(WHAT YOU HAVE TO DO) The answer must consist solely of the lines below starting at the one containing "FIG. 6. Reactivity" and ending at the one containing "TUBB1 Antibody in", repeated exactly, with both ends included and all pictures omitted.

(EXTRACTED MATERIAL)
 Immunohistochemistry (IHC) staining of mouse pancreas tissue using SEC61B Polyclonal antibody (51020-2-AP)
---
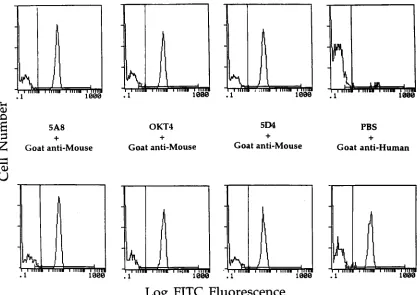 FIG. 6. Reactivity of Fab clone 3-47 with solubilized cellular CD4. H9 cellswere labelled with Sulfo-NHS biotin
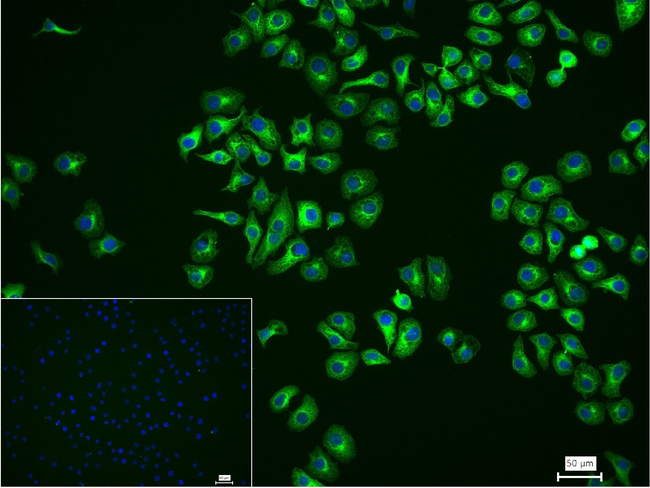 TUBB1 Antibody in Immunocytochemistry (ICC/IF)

(WRITTEN ANSWER)
 FIG. 6. Reactivity of Fab clone 3-47 with solubilized cellular CD4. H9 cellswere labelled with Sulfo-NHS biotin
 TUBB1 Antibody in Immunocytochemistry (ICC/IF)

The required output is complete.